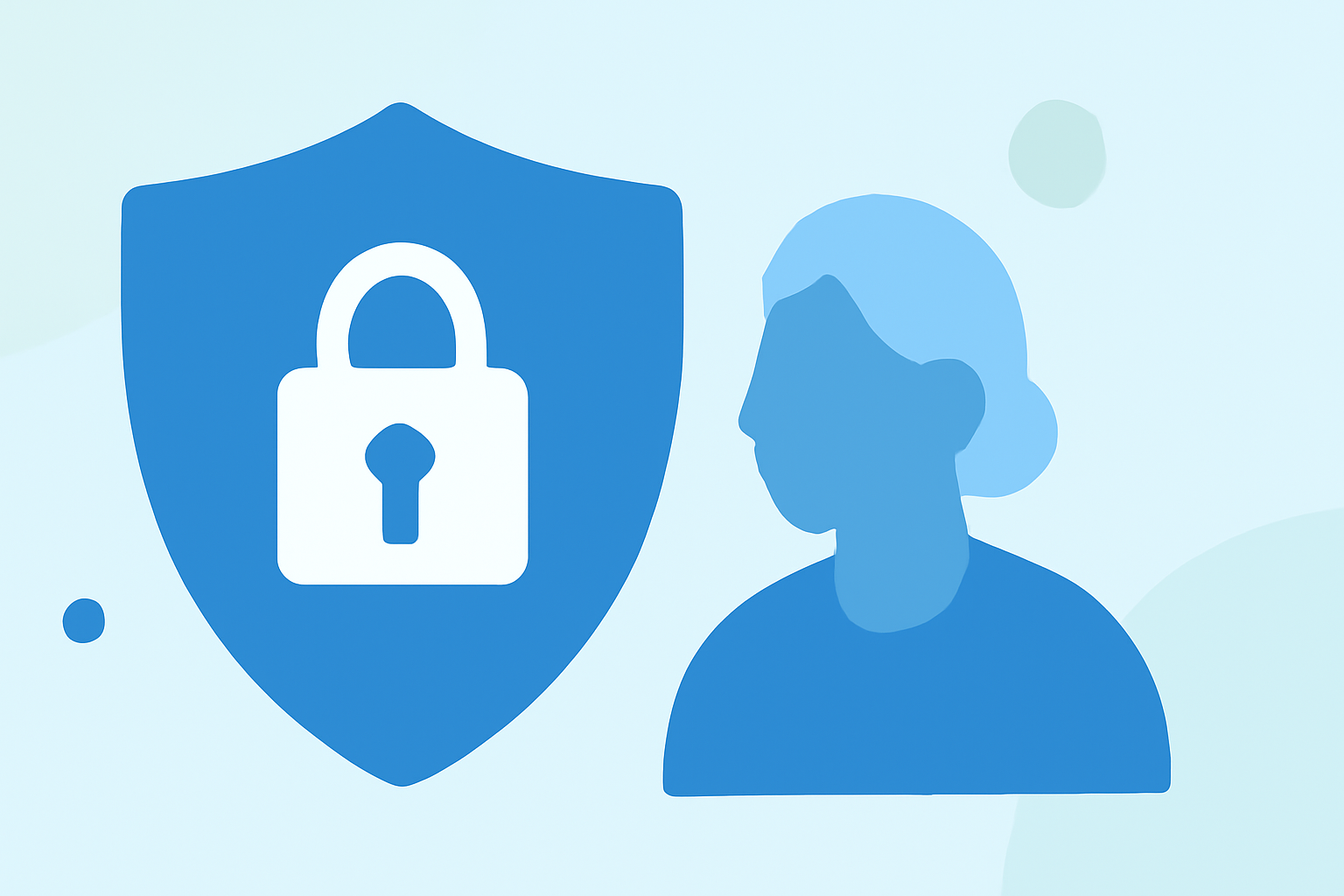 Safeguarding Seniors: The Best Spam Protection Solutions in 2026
• • • • • • •
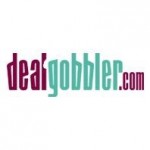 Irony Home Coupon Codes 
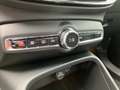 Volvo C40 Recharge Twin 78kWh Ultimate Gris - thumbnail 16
• • • • • • •
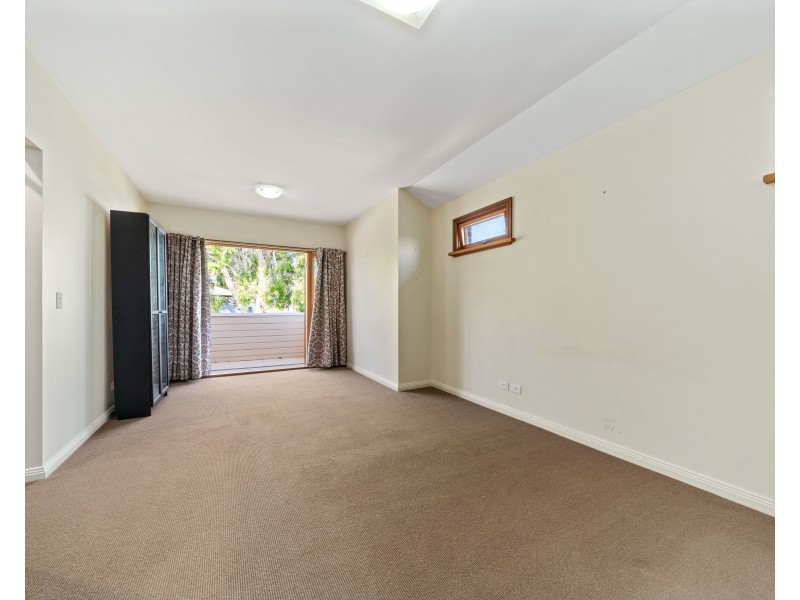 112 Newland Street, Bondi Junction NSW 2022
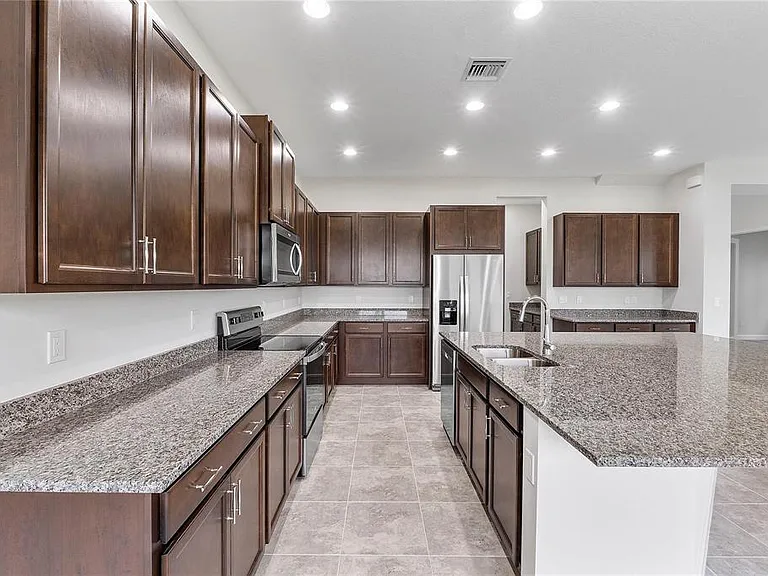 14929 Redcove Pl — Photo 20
• • • • • • •
◆ Work task
Please return the data above exactly as it stands from the line with "Irony Home Coupon Codes" to the line with "Volvo C40 Recharge", keeping both of those lines but none of the pictures.

◆ Solution for this problem
 Irony Home Coupon Codes 
 Volvo C40 Recharge Twin 78kWh Ultimate Gris - thumbnail 16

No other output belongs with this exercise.